Al contrario…. La politica di Silvio è perfettamente in linea con il sistema democratico europeo: mercanteggiare con le caste per ottenere stabilità, senza osare compiere serie riforme strutturali….
“Mi pare ovvio quanto anacronistico quindi vedere nei due contendenti possibili soluzioni credibili e in particolare un idea di magistratura e giudizio civile liberale e democratica.”
Luca, io non capisco in questa frase la relazione tra i termini liberale e democratico. Se sei liberale sei necessariamente antidemocratico, nel senso che vuoi smantellare le istituzioni su cui si basa la democrazia…
Luglio 3, 2008 a 2:37 pm
“Al contrario…. La politica di Silvio è perfettamente in linea con il sistema democratico europeo: mercanteggiare con le caste per ottenere stabilità, senza osare compiere serie riforme strutturali….”

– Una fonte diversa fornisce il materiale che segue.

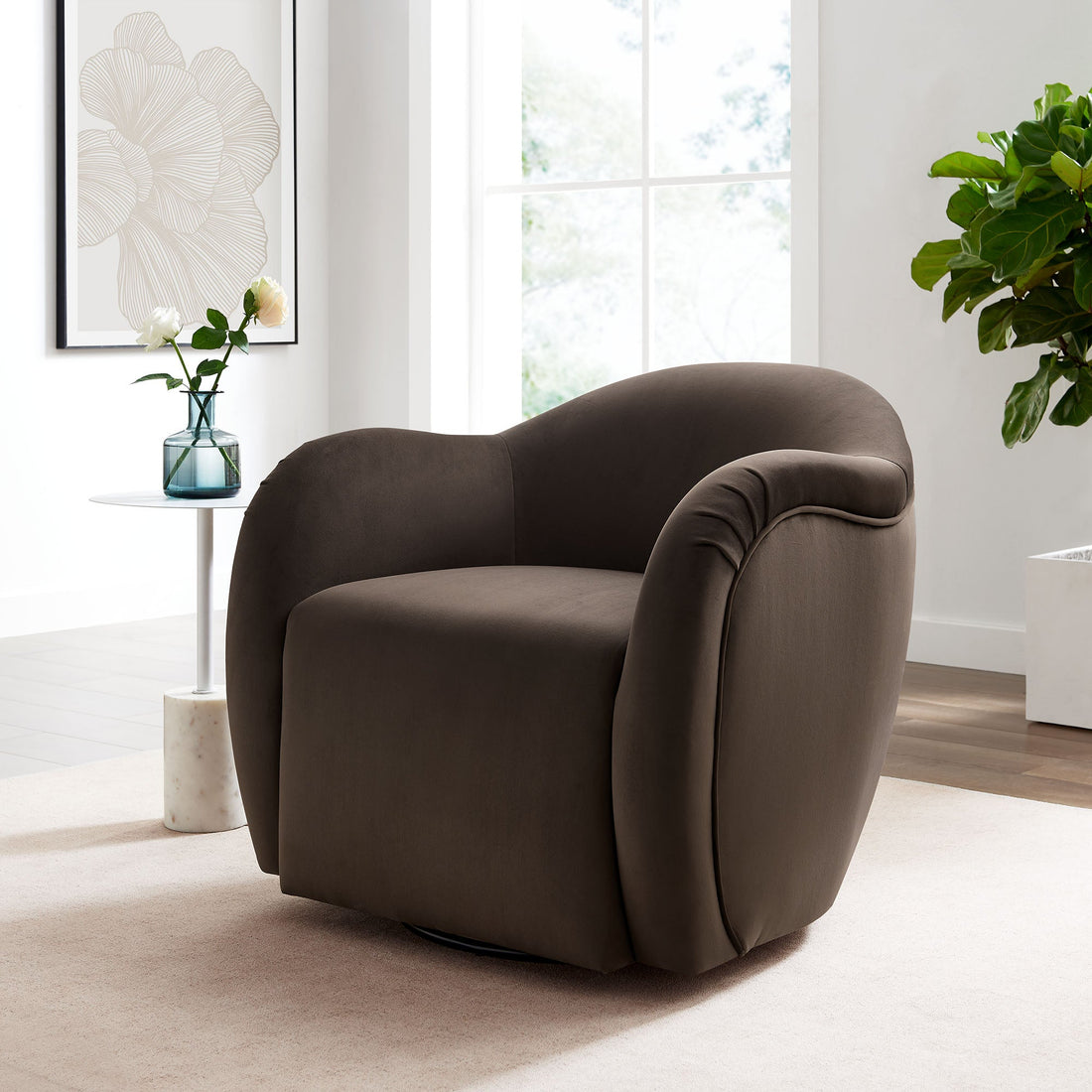 Compose Performance Velvet Swivel Armchair By HouseBean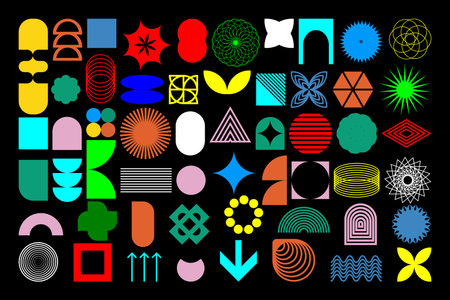 Bauhaus elements. Modern geometric abstract shapes in minimal style. Brutalism basic forms, lines, eye, circles and patterns, art vector set. Colorful figures and dots simple designのイラスト素材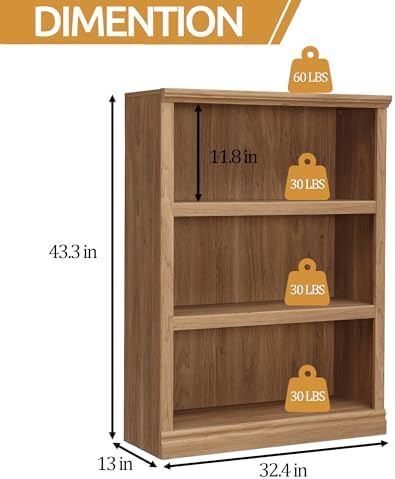blini 3-Shelf Bookcase Wooden Bookshelves 33in Wide Floor Standing Display Storage Shelves Oak Bookcase for Home Office, Living Room, Bed Room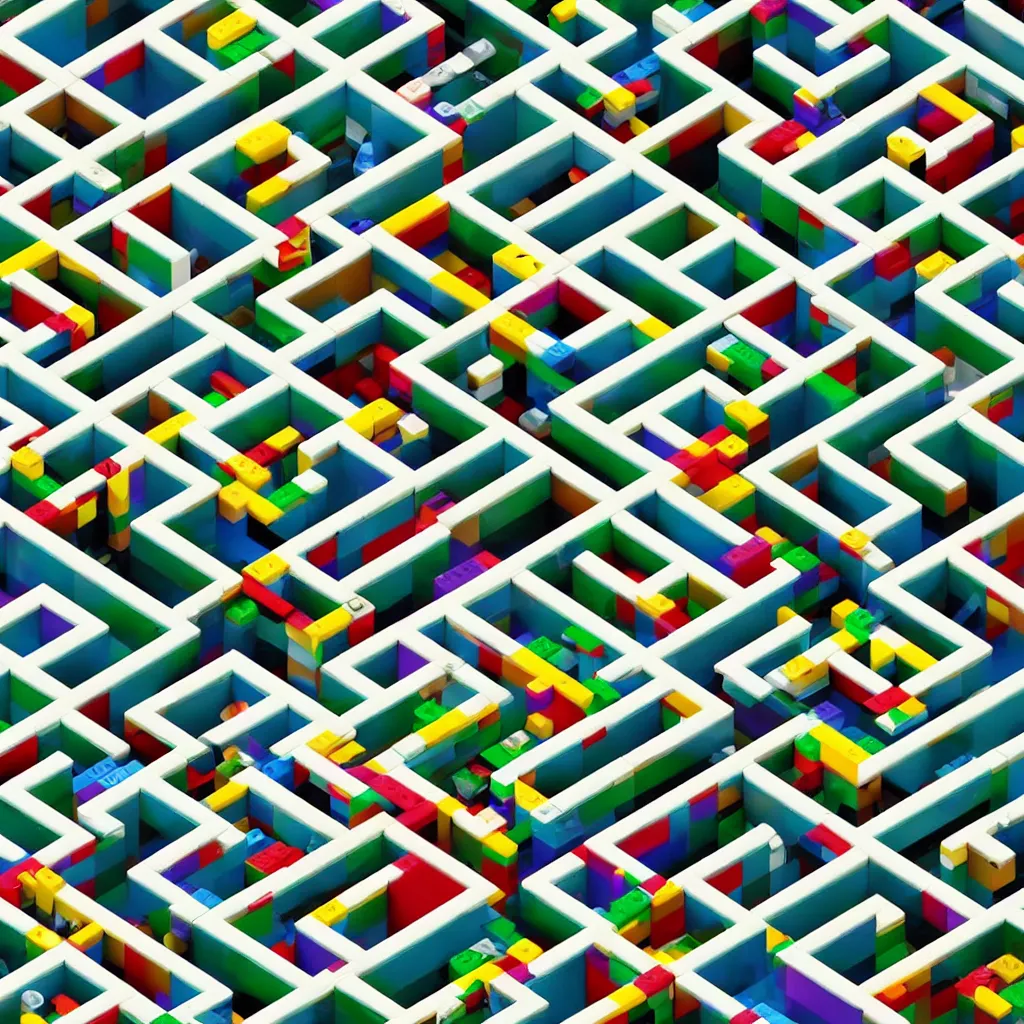 Image similar to wimmelbilder maze made of lego, isometric, octane render, unreal engine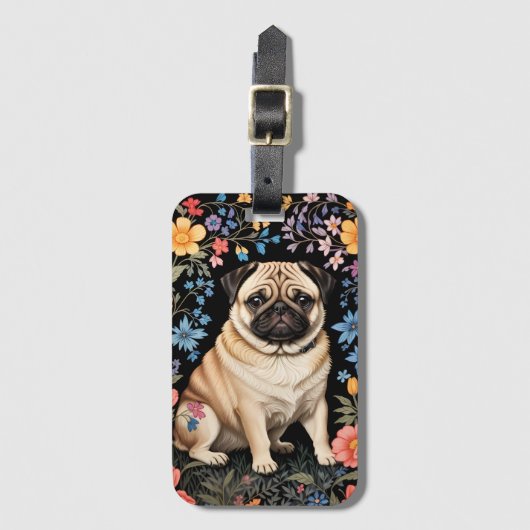 Schattige Pug Elegante Kleurrijke Bloemen Bagagelabel (Voorkant (verticaal))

Spero che sia una risposta surreale! (perchè tale atteggiamento non è liberale nè liberista e men che meno libertario).
.
“Luca, io non capisco in questa frase la relazione tra i termini liberale e democratico. Se sei liberale sei necessariamente antidemocratico, nel senso che vuoi smantellare le istituzioni su cui si basa la democrazia…”
Io parlo in chiave tocquevilliana, (evitando gli eccessi dell’uso della parola e della demagogica ideologizzazione della “democrazia”).

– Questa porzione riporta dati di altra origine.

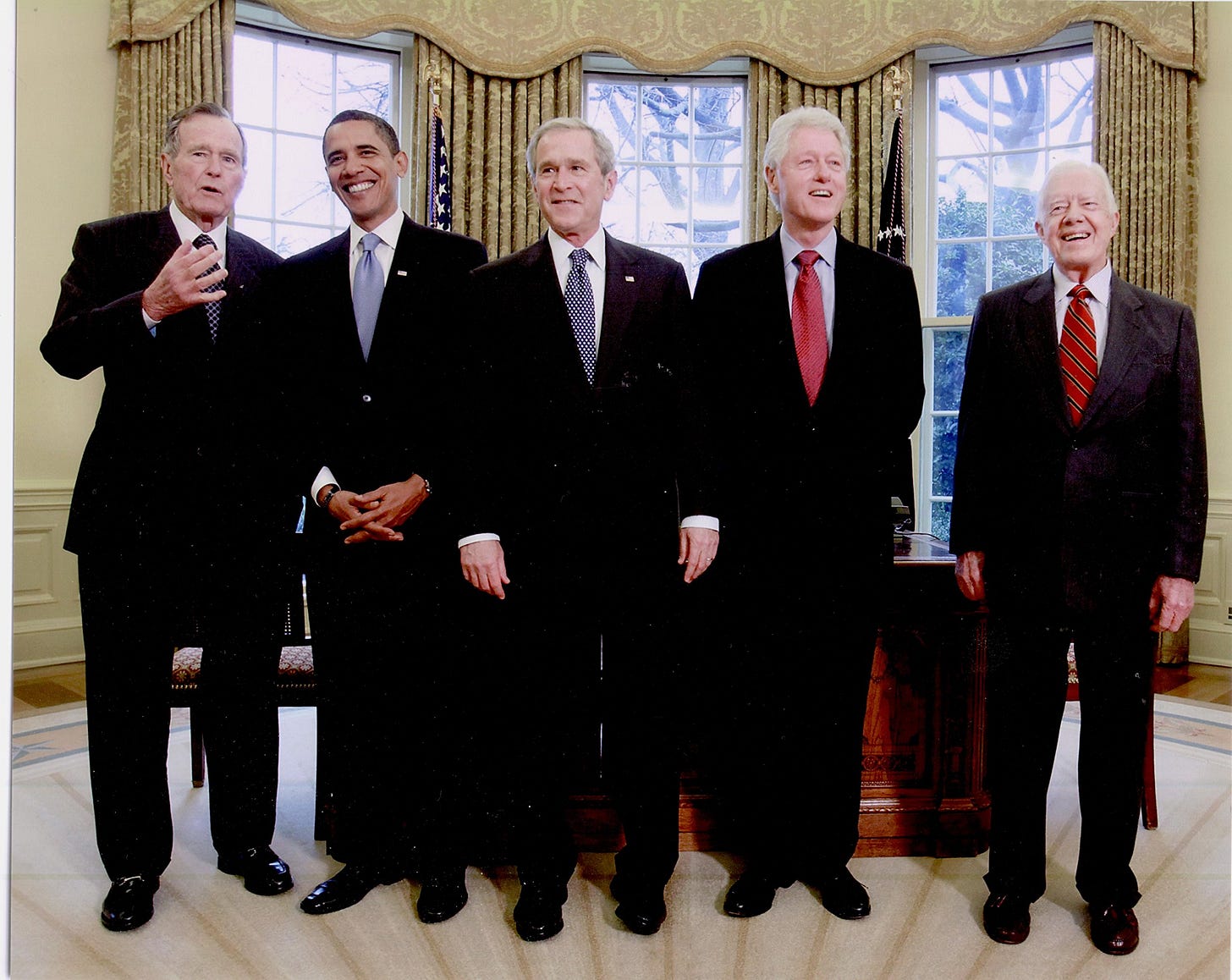 5 US Presidents Bush, Obama, Bush, Clinton & Carter 11x14 Photo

Essa la ritengo un male minore, un male che bisogna pur però saper diluire nelle sue forme di diritto naturale e civile.
Quindi adoperare la democrazia con cautela, fintanto che la libertà non abbia sufficiente forza per affermarsi spontaneamente.
Adoperare la democrazia come condizione transitoria e strumentale per evitare di rimanere schiacciati entro un gioco tra corporazioni ben più che “strumentale” (totale).
post: in questi giorni se sei libero ti chiamo su casa o sul tuo cell, così mi informi se c’è qualcosa “in ballo” a settembre e ci facciamo una chiacchierata (il mio numero c’è l’hai vero?, al massimo mandami un sms per sapere quando non vorrei che distutbarti mentre tu stai facendo qualche esame o qualche impegno?).
Ah ho seguito il tuo consiglio e ho limitato il testo degli articoli sul mio blog, comunque te ne ho lasciati per l’estate da leggere e da vedere!.
Ciao LucaF.!.
Luglio 3, 2008 a 2:44 pm
“Spero che sia una risposta surreale! (perchè tale atteggiamento non è liberale nè liberista e men che meno libertario).”
No, no: nessun surrealismo. Silvio è perfettamente democratico… Quindi non ci azzecca niente con il liberalismo.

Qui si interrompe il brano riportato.